(Short descriptive text snippets)

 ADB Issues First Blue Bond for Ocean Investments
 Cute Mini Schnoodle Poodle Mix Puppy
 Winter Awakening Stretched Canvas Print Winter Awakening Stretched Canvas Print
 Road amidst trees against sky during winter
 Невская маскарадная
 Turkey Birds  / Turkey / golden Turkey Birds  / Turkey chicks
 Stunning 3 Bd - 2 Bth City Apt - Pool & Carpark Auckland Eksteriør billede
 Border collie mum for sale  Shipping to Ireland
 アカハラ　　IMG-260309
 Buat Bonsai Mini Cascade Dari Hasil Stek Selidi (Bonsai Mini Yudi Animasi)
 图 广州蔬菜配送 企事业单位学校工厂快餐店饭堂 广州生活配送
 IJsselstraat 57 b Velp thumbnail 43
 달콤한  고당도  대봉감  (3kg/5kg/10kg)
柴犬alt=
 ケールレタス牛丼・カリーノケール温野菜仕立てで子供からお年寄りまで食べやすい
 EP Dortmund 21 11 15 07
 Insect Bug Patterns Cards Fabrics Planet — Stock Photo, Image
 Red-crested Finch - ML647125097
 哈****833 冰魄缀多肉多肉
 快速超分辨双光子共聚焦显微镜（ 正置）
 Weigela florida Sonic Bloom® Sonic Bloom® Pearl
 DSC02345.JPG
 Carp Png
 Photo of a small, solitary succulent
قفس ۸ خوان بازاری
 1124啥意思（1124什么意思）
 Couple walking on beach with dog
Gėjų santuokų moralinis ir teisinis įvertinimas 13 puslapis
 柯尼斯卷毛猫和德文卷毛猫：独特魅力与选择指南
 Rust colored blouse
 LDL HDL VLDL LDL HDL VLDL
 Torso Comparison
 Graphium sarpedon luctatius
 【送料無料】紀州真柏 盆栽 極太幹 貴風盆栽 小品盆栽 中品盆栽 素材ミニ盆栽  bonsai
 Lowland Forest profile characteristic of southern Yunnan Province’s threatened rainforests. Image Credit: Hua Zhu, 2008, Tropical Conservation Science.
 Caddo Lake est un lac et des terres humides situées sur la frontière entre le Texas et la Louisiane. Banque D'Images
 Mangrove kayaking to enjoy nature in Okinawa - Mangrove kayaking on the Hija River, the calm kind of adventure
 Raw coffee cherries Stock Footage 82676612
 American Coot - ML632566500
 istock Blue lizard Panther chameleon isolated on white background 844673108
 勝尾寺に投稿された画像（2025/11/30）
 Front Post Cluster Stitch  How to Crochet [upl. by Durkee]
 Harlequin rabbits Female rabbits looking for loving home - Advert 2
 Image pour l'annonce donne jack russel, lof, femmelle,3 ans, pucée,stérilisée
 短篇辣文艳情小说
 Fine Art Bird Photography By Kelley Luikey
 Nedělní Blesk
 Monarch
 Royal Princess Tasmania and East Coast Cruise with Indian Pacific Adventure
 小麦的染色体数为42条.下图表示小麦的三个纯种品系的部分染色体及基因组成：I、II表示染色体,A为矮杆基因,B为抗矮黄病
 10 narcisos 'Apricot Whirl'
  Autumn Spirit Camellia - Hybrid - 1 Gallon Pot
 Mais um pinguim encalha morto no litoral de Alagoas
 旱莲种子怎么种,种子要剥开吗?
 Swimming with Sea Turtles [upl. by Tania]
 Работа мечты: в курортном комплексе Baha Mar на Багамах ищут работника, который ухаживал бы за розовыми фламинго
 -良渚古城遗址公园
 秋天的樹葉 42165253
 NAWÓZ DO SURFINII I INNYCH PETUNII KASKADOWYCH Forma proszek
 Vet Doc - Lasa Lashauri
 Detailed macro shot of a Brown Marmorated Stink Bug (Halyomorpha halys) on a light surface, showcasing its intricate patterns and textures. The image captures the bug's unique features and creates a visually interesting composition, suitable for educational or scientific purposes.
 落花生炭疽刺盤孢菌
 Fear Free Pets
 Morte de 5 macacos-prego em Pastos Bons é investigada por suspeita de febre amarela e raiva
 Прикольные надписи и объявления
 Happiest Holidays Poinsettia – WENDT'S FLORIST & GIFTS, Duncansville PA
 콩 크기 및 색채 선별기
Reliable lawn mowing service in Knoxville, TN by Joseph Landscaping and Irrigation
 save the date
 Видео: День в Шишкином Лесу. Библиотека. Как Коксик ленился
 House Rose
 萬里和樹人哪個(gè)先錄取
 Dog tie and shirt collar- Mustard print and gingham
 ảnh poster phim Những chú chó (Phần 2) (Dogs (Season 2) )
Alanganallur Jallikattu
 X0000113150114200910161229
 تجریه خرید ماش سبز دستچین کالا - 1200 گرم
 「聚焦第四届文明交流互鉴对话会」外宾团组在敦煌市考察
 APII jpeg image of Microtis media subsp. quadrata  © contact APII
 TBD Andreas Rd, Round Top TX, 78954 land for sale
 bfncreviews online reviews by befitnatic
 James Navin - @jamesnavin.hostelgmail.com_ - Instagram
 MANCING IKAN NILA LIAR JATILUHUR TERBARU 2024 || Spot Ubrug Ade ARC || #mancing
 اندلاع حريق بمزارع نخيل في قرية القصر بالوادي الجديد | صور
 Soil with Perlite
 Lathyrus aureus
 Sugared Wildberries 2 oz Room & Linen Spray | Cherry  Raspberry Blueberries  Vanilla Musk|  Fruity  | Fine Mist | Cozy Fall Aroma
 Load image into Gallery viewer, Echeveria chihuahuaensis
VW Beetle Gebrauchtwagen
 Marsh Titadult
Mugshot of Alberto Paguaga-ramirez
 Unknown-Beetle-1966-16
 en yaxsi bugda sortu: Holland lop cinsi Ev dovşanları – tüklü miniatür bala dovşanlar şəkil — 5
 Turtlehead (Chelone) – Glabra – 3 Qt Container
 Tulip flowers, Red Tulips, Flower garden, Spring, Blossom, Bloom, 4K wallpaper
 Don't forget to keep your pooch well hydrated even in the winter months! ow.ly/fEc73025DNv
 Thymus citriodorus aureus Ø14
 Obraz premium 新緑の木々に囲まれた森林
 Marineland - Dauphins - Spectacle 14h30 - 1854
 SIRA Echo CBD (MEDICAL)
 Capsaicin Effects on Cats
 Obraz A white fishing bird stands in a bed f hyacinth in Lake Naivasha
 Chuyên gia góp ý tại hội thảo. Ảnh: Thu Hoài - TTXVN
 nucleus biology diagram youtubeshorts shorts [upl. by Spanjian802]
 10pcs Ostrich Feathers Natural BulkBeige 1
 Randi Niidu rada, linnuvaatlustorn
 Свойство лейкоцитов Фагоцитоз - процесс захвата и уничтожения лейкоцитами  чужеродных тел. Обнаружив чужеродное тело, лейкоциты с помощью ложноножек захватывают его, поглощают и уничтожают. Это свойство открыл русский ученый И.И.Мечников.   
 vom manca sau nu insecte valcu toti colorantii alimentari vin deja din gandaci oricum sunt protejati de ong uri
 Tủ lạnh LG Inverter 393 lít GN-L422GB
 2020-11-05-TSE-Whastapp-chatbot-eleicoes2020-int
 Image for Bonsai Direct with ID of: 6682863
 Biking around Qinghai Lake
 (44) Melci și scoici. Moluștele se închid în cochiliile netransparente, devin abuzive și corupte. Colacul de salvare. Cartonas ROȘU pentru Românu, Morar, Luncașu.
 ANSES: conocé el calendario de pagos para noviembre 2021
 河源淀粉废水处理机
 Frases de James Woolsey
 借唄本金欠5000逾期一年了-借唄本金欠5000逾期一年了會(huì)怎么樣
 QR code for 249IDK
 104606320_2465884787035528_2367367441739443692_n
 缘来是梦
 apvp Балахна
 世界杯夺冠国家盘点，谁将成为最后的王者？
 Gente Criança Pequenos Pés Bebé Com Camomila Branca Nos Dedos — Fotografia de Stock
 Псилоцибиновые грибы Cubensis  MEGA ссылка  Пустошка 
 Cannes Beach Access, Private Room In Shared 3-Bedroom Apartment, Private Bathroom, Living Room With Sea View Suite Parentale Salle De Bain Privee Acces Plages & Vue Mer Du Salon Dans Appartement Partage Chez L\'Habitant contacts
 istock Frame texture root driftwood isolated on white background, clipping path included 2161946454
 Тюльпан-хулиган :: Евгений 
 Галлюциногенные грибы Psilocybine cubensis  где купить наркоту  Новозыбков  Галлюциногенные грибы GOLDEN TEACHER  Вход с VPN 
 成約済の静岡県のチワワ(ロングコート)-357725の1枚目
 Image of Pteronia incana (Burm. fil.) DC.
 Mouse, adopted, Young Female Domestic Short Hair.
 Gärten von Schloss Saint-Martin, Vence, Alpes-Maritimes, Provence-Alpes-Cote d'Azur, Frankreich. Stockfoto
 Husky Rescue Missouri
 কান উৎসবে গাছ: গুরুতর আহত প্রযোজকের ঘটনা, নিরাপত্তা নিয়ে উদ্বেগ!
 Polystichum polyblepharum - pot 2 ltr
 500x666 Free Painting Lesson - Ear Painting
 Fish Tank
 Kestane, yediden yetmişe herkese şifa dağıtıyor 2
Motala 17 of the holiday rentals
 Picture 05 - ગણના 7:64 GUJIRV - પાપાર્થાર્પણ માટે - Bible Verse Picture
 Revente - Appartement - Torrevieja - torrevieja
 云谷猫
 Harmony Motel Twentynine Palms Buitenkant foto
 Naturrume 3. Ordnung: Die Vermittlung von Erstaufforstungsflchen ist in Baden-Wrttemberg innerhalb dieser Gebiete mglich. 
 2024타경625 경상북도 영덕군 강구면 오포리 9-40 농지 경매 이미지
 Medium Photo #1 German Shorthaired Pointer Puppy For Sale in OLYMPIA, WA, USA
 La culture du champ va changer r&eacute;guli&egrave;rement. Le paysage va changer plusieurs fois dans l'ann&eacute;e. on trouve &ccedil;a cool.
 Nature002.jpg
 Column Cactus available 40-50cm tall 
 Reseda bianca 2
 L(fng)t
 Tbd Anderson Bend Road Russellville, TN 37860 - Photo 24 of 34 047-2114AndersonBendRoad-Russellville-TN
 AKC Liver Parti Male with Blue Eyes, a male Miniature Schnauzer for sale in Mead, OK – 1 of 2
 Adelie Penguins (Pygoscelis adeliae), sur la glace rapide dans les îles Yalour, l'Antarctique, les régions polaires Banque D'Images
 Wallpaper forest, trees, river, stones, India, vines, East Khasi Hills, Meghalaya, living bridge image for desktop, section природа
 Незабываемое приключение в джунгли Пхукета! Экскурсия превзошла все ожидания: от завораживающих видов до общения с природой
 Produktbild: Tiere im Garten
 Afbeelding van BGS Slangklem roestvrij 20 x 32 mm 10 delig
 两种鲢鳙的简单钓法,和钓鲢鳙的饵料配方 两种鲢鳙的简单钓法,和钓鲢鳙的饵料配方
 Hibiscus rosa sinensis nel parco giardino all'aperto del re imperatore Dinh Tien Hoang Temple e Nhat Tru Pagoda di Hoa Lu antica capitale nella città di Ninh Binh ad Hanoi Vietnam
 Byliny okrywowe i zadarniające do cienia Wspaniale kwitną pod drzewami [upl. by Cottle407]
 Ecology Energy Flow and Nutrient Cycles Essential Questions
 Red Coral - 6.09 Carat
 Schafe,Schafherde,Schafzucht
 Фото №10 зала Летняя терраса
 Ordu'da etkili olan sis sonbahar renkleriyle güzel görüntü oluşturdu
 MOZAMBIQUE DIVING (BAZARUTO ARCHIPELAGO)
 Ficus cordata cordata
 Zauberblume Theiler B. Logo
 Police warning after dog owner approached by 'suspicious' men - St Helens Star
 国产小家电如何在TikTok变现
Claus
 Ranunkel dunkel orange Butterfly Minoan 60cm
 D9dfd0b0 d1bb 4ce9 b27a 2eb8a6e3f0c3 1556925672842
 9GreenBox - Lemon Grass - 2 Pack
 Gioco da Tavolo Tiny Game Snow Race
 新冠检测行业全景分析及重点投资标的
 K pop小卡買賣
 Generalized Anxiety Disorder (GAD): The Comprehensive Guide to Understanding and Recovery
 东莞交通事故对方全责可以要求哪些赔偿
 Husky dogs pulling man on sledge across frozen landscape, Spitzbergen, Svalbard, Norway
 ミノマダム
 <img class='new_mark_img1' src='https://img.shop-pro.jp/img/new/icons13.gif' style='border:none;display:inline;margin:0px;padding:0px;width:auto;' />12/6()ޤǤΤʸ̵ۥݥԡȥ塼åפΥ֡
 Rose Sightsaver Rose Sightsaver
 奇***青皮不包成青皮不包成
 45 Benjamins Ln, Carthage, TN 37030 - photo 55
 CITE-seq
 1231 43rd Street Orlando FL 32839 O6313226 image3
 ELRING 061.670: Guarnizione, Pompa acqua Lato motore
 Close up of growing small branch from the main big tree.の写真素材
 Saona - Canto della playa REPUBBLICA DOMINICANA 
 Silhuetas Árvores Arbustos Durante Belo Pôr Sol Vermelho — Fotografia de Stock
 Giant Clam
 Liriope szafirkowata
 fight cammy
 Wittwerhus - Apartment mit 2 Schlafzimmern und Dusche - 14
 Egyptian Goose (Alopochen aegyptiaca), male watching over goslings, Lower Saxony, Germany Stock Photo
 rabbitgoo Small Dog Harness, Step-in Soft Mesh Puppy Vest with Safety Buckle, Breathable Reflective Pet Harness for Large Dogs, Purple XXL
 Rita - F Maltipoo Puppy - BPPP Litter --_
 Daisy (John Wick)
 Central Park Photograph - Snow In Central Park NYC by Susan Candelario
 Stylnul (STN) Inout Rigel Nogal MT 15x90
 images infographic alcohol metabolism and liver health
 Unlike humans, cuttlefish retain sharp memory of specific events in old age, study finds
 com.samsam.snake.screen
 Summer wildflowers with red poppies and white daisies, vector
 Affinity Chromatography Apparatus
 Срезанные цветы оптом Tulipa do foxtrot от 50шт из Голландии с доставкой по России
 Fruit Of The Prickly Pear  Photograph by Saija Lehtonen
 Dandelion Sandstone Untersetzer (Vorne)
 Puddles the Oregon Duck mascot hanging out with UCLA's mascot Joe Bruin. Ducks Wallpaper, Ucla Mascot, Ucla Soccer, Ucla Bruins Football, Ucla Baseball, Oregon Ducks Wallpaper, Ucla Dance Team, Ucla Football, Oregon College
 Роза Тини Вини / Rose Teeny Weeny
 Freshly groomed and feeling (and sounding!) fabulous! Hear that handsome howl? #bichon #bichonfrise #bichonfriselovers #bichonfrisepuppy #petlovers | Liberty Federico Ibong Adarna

▶ Work to complete
Repeat each line of the data above, exactly as it appears, from the first through the line that contains "istock Blue lizard".

▶ Result of the task
 ADB Issues First Blue Bond for Ocean Investments
 Cute Mini Schnoodle Poodle Mix Puppy
 Winter Awakening Stretched Canvas Print Winter Awakening Stretched Canvas Print
 Road amidst trees against sky during winter
 Невская маскарадная
 Turkey Birds  / Turkey / golden Turkey Birds  / Turkey chicks
 Stunning 3 Bd - 2 Bth City Apt - Pool & Carpark Auckland Eksteriør billede
 Border collie mum for sale  Shipping to Ireland
 アカハラ　　IMG-260309
 Buat Bonsai Mini Cascade Dari Hasil Stek Selidi (Bonsai Mini Yudi Animasi)
 图 广州蔬菜配送 企事业单位学校工厂快餐店饭堂 广州生活配送
 IJsselstraat 57 b Velp thumbnail 43
 달콤한  고당도  대봉감  (3kg/5kg/10kg)
柴犬alt=
 ケールレタス牛丼・カリーノケール温野菜仕立てで子供からお年寄りまで食べやすい
 EP Dortmund 21 11 15 07
 Insect Bug Patterns Cards Fabrics Planet — Stock Photo, Image
 Red-crested Finch - ML647125097
 哈****833 冰魄缀多肉多肉
 快速超分辨双光子共聚焦显微镜（ 正置）
 Weigela florida Sonic Bloom® Sonic Bloom® Pearl
 DSC02345.JPG
 Carp Png
 Photo of a small, solitary succulent
قفس ۸ خوان بازاری
 1124啥意思（1124什么意思）
 Couple walking on beach with dog
Gėjų santuokų moralinis ir teisinis įvertinimas 13 puslapis
 柯尼斯卷毛猫和德文卷毛猫：独特魅力与选择指南
 Rust colored blouse
 LDL HDL VLDL LDL HDL VLDL
 Torso Comparison
 Graphium sarpedon luctatius
 【送料無料】紀州真柏 盆栽 極太幹 貴風盆栽 小品盆栽 中品盆栽 素材ミニ盆栽  bonsai
 Lowland Forest profile characteristic of southern Yunnan Province’s threatened rainforests. Image Credit: Hua Zhu, 2008, Tropical Conservation Science.
 Caddo Lake est un lac et des terres humides situées sur la frontière entre le Texas et la Louisiane. Banque D'Images
 Mangrove kayaking to enjoy nature in Okinawa - Mangrove kayaking on the Hija River, the calm kind of adventure
 Raw coffee cherries Stock Footage 82676612
 American Coot - ML632566500
 istock Blue lizard Panther chameleon isolated on white background 844673108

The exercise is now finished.